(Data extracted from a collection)
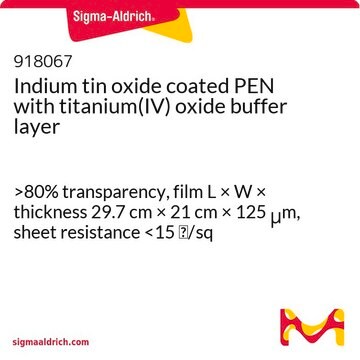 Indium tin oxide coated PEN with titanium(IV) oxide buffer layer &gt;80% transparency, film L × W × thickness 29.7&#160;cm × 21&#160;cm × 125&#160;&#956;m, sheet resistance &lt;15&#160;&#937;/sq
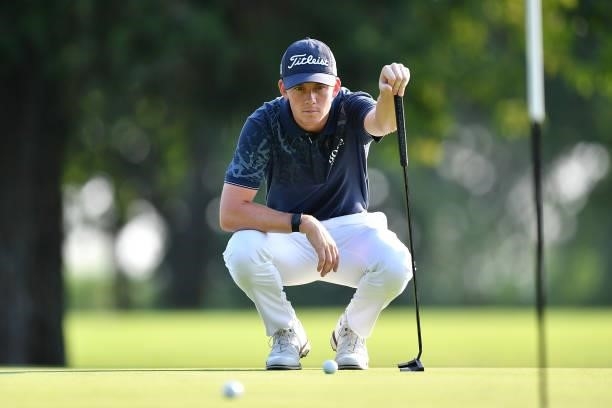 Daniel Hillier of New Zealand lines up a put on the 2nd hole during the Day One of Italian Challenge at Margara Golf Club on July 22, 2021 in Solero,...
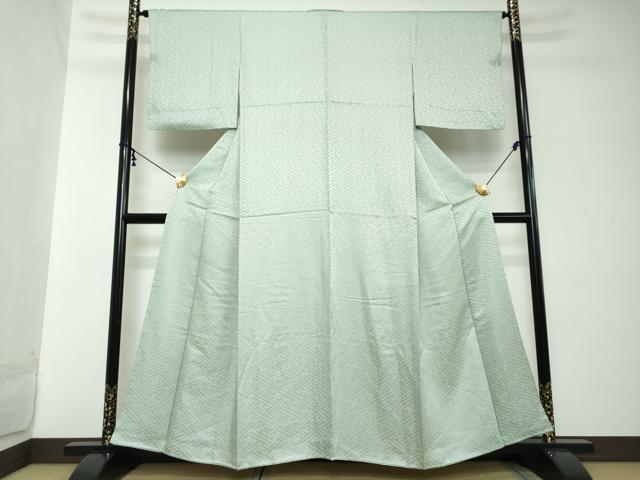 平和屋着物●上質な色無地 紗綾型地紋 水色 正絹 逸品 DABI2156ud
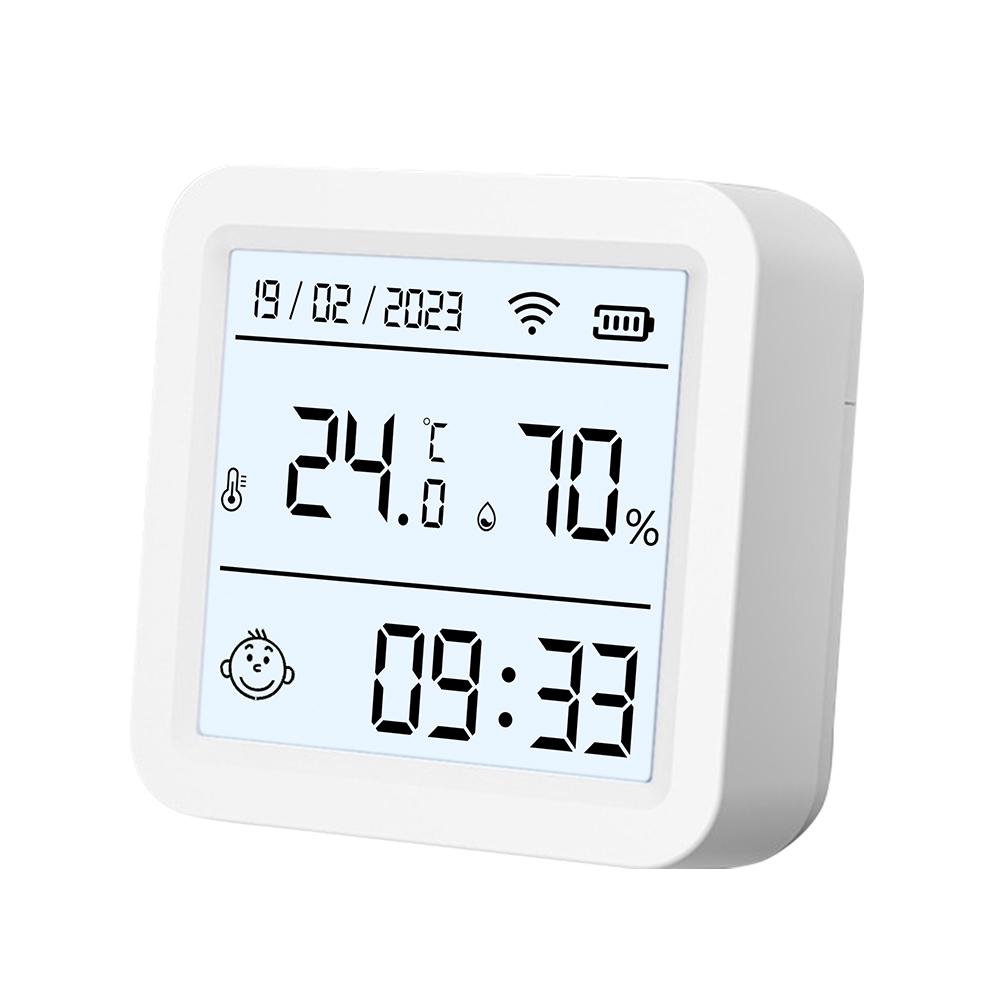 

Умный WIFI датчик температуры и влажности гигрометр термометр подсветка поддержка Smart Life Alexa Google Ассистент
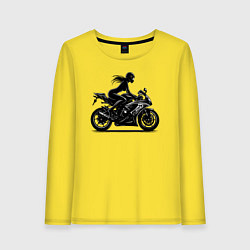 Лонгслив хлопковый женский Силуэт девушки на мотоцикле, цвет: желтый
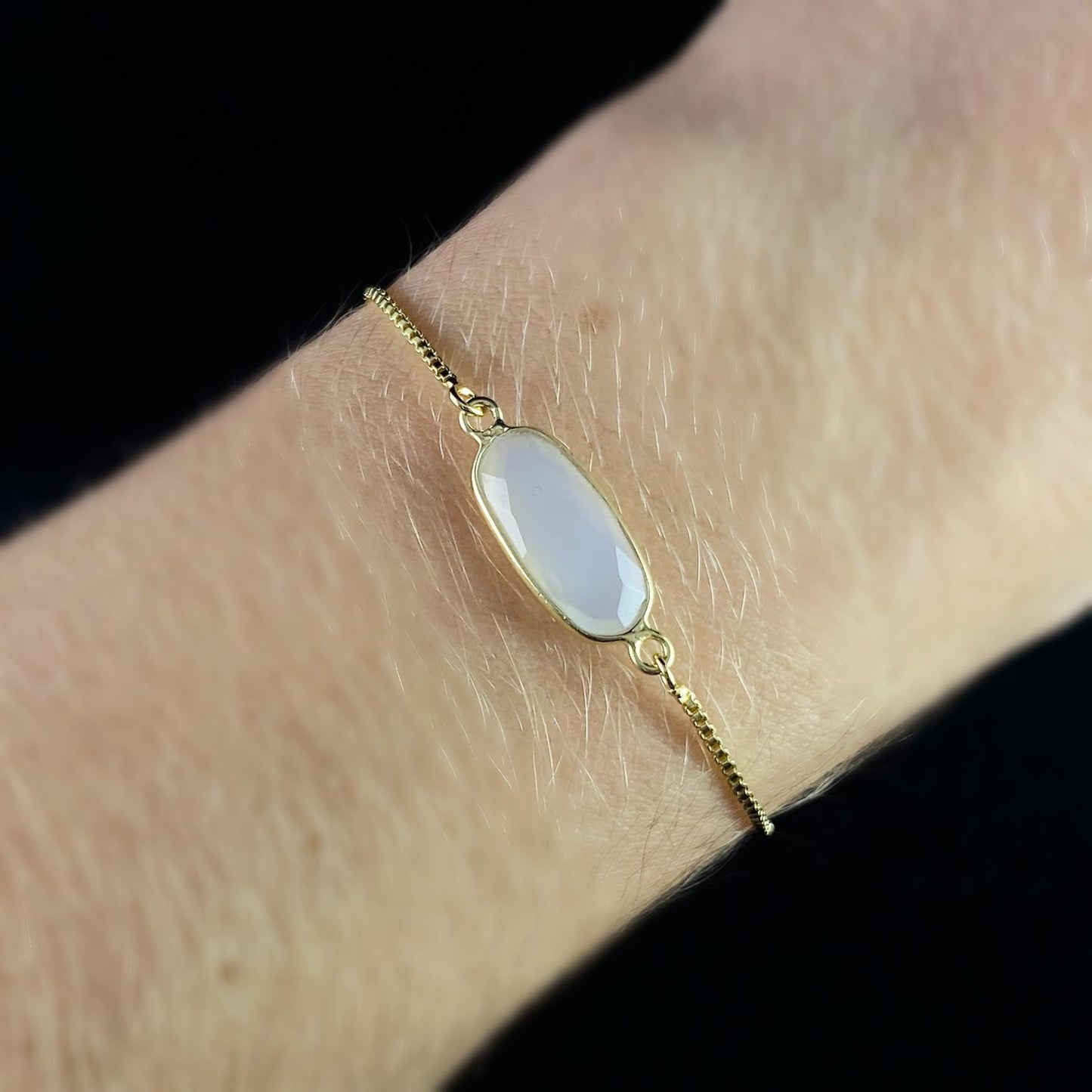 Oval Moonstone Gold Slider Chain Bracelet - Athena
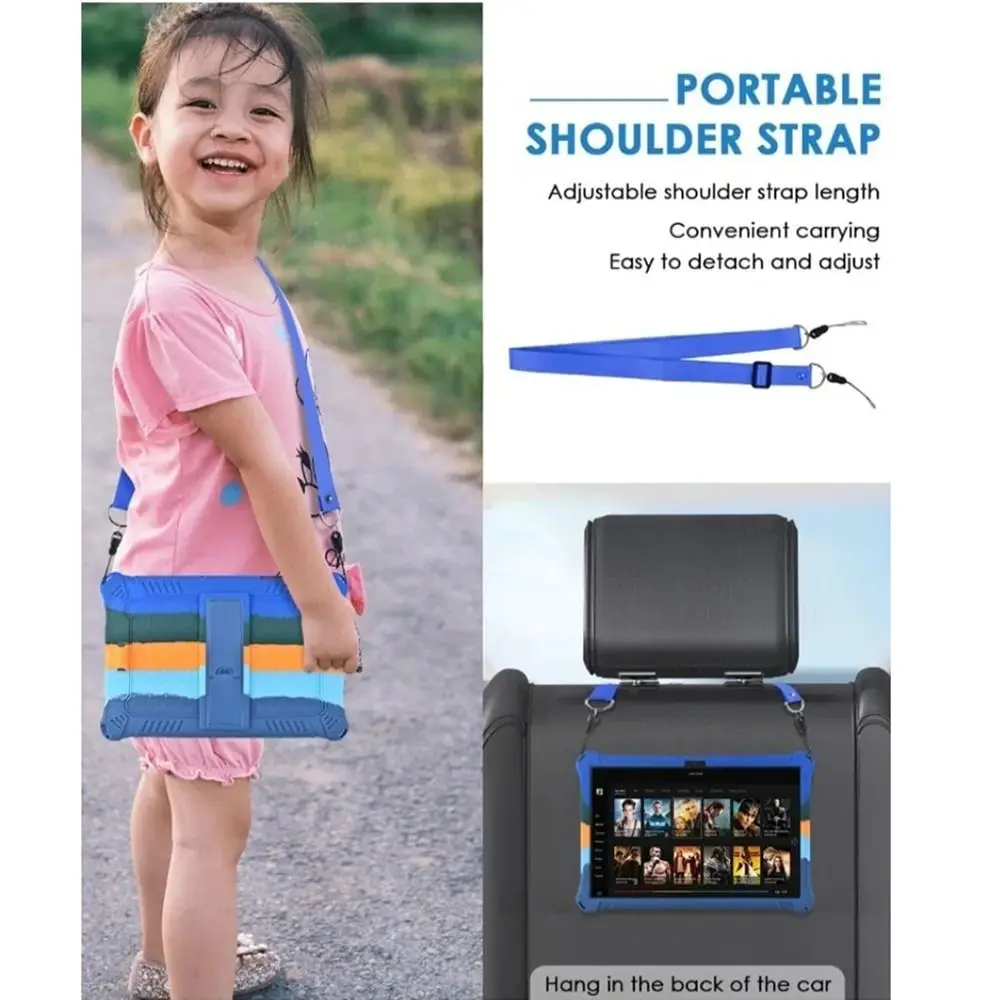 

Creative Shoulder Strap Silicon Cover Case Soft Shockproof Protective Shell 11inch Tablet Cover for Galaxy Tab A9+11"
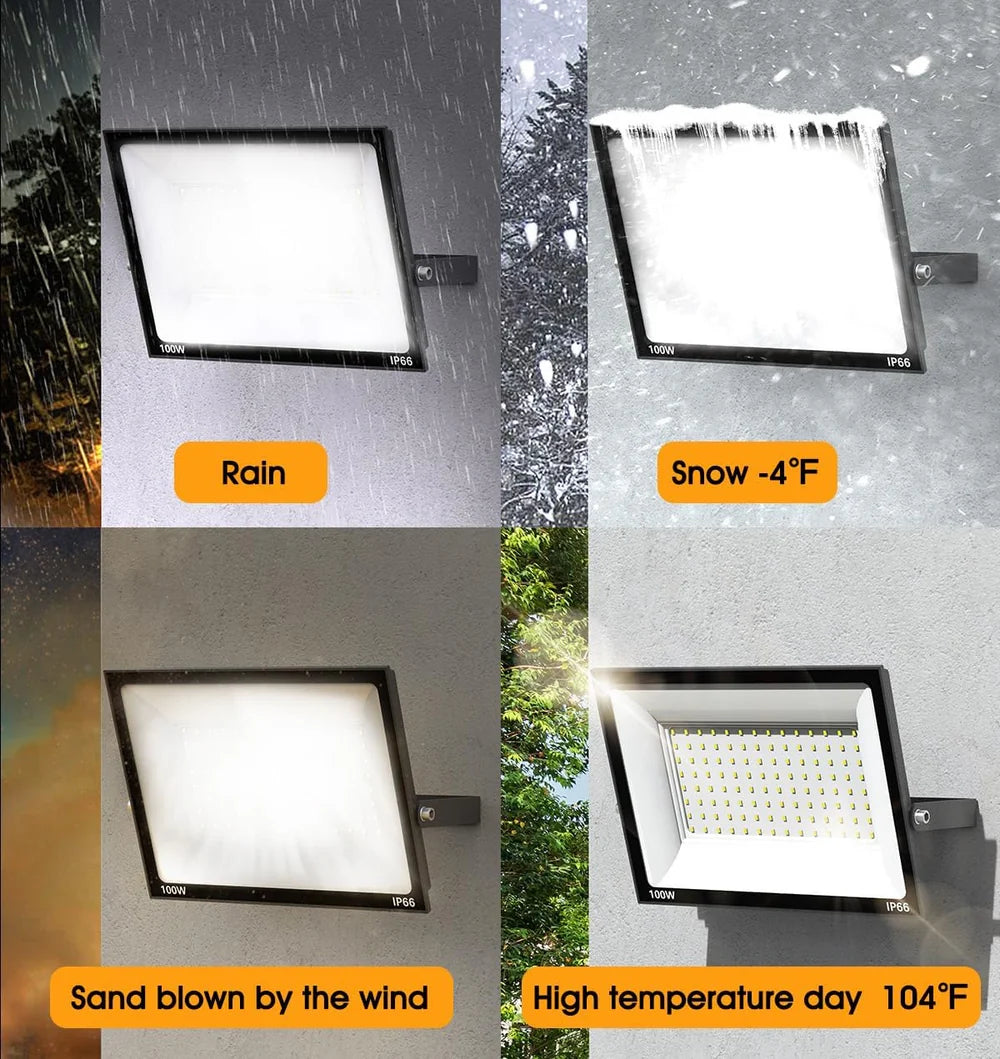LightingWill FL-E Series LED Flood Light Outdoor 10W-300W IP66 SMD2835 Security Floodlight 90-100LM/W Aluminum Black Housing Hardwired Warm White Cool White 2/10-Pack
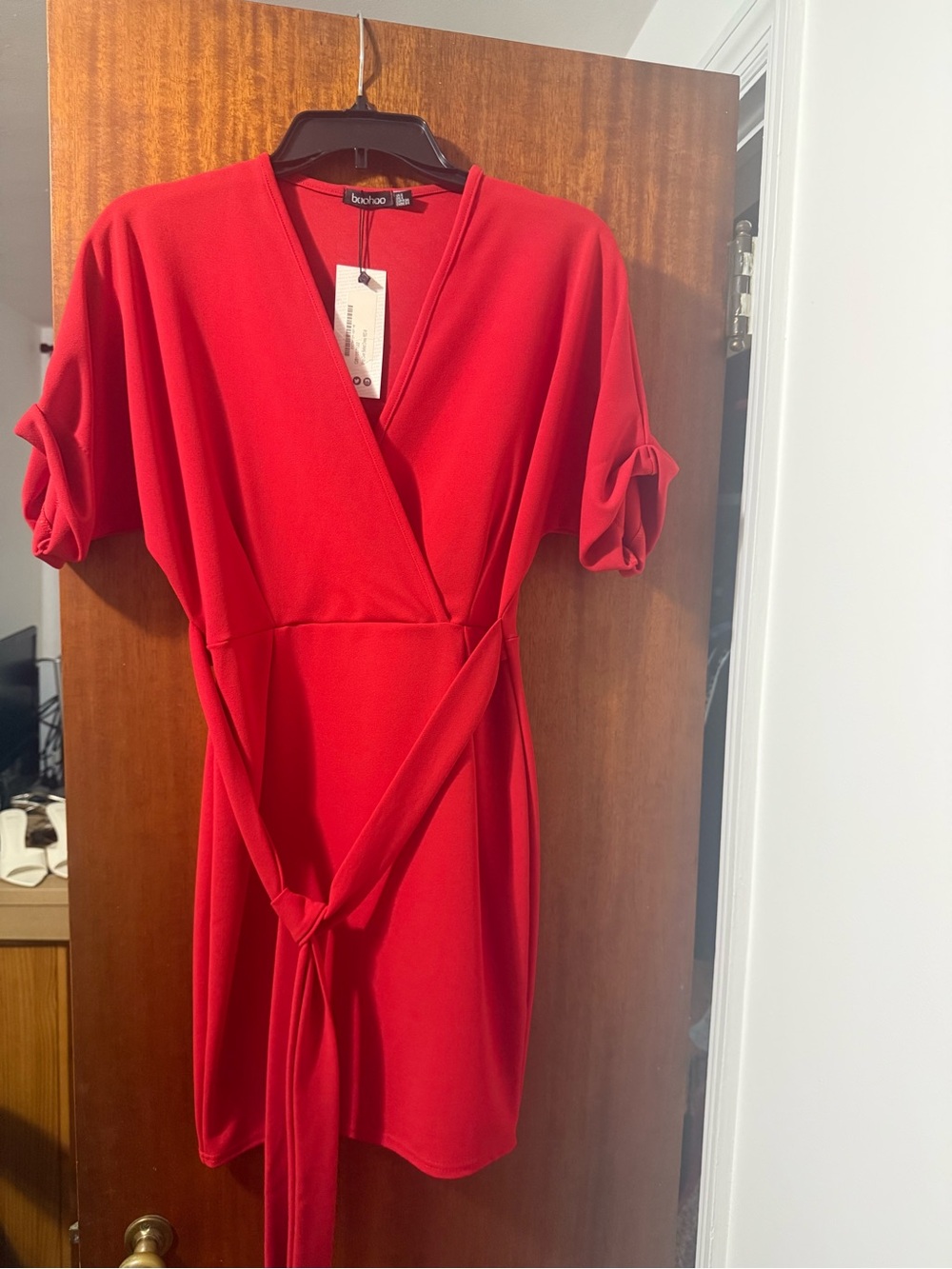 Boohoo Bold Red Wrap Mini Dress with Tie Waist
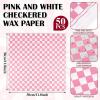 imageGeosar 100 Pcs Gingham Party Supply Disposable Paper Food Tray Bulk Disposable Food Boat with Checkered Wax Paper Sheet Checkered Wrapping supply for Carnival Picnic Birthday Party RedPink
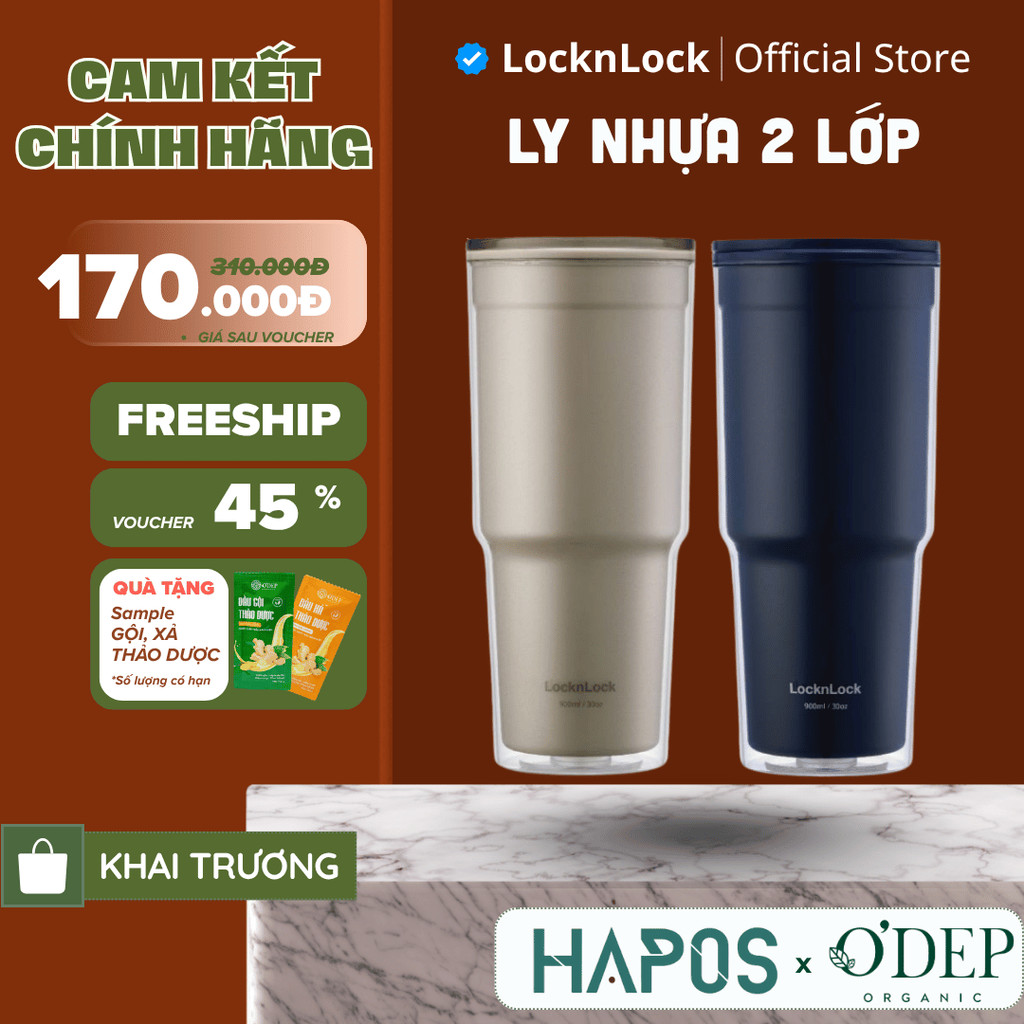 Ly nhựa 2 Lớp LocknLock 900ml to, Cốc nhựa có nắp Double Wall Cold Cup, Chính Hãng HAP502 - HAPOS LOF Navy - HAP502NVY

*Task goal*
Reproduce, word for word, only the lines in the records above from the line with "Daniel Hillier of" through the line with "Oval Moonstone Gold", including both ends; omit the pictures.

*Response area*
 Daniel Hillier of New Zealand lines up a put on the 2nd hole during the Day One of Italian Challenge at Margara Golf Club on July 22, 2021 in Solero,...
 平和屋着物●上質な色無地 紗綾型地紋 水色 正絹 逸品 DABI2156ud

Умный WIFI датчик температуры и влажности гигрометр термометр подсветка поддержка Smart Life Alexa Google Ассистент
 Лонгслив хлопковый женский Силуэт девушки на мотоцикле, цвет: желтый
 Oval Moonstone Gold Slider Chain Bracelet - Athena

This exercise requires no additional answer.